Here are some records; quote them exactly, leaving out the pictures.

___ Raw data

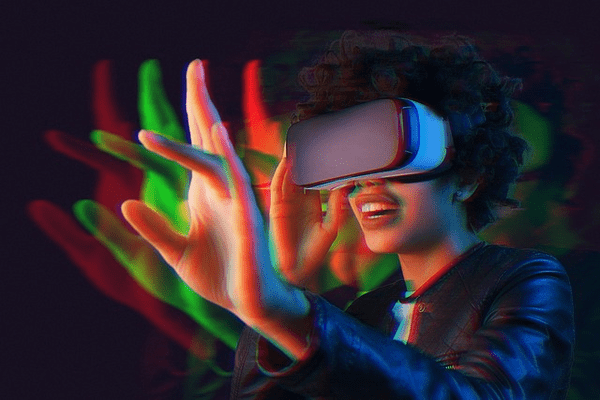VRゲーム中、自宅で男性死亡…ガラステーブルに激突、衝撃の“最期”のシミュレーション映像が話題の画像2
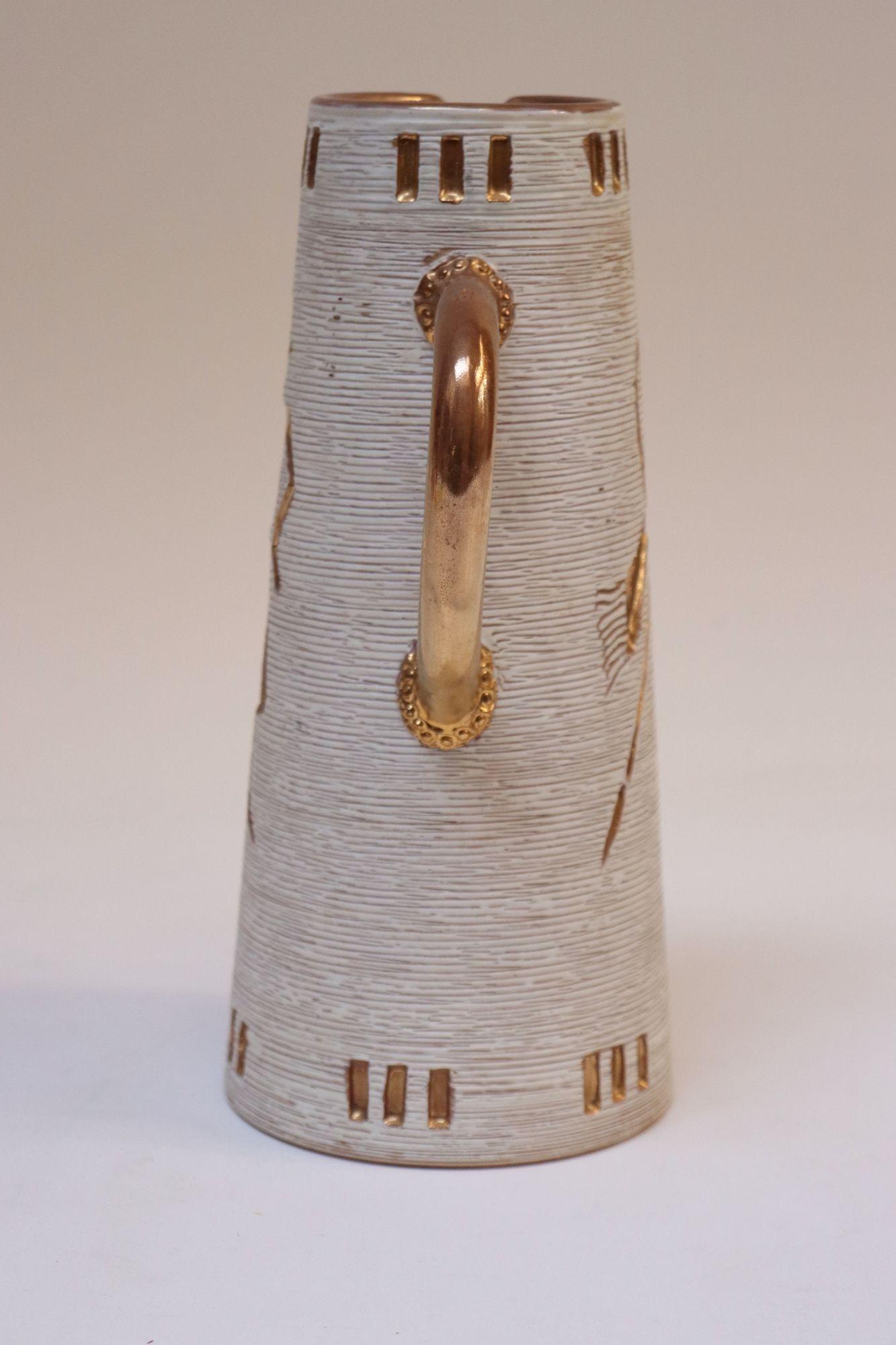 Smaltato Brocca italiana in terracotta smaltata in oro con figure incise dei Fratelli Fanciullacci in vendita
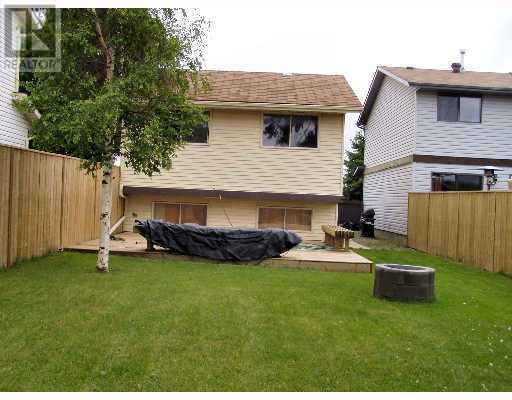 Single Family House 4 Level for Sale in  Abadan Crescent NE Abbeydale Calgary 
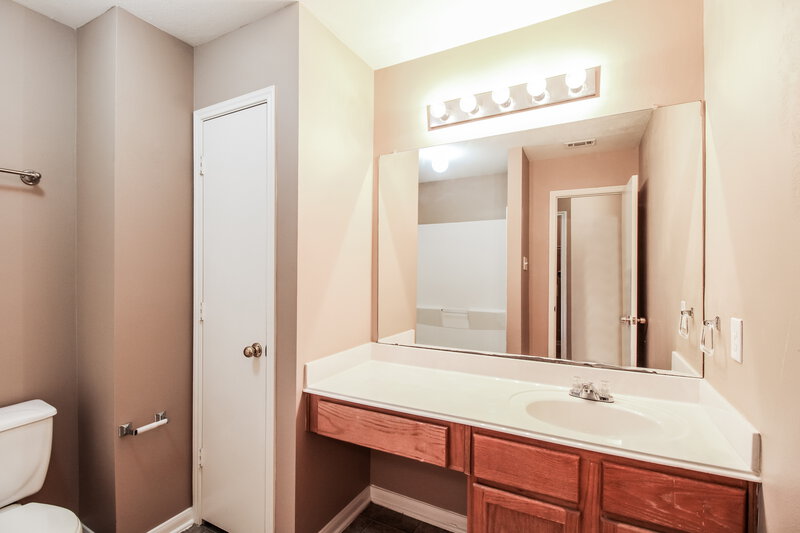 1,860/Mo, 21502 Broadstone Dr Katy, TX 77449 Bathroom View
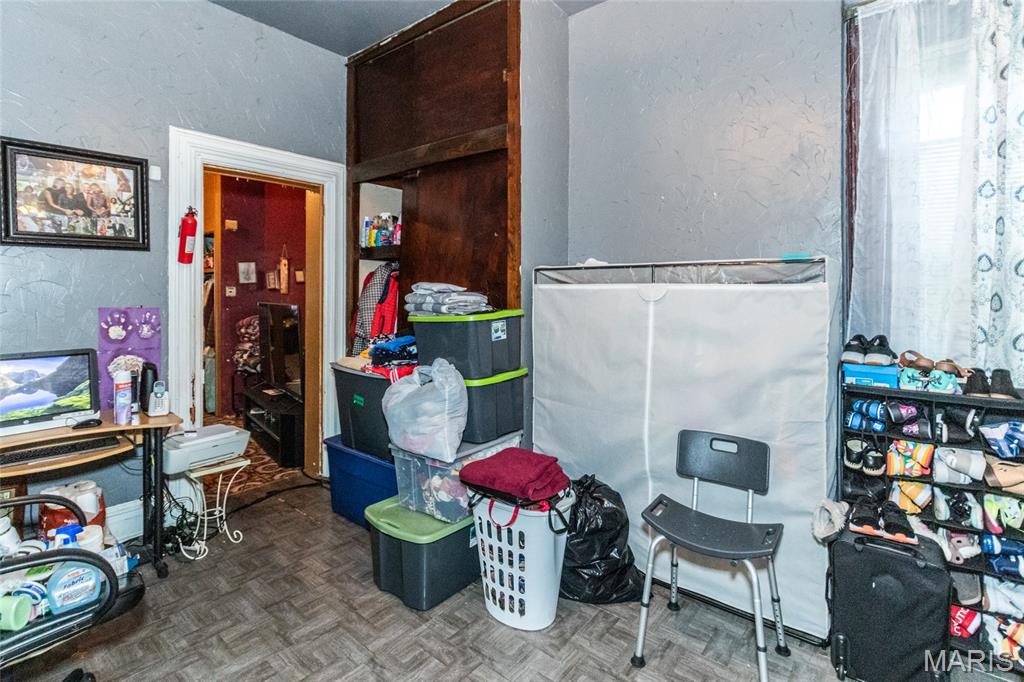 St Louis, Missouri 63107, United States, 4 Bedrooms Bedrooms, ,2 BathroomsBathrooms,Residential,Active,156379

______

Answer box:
VRゲーム中、自宅で男性死亡…ガラステーブルに激突、衝撃の“最期”のシミュレーション映像が話題の画像2
 Smaltato Brocca italiana in terracotta smaltata in oro con figure incise dei Fratelli Fanciullacci in vendita
 Single Family House 4 Level for Sale in  Abadan Crescent NE Abbeydale Calgary 
 1,860/Mo, 21502 Broadstone Dr Katy, TX 77449 Bathroom View
 St Louis, Missouri 63107, United States, 4 Bedrooms Bedrooms, ,2 BathroomsBathrooms,Residential,Active,156379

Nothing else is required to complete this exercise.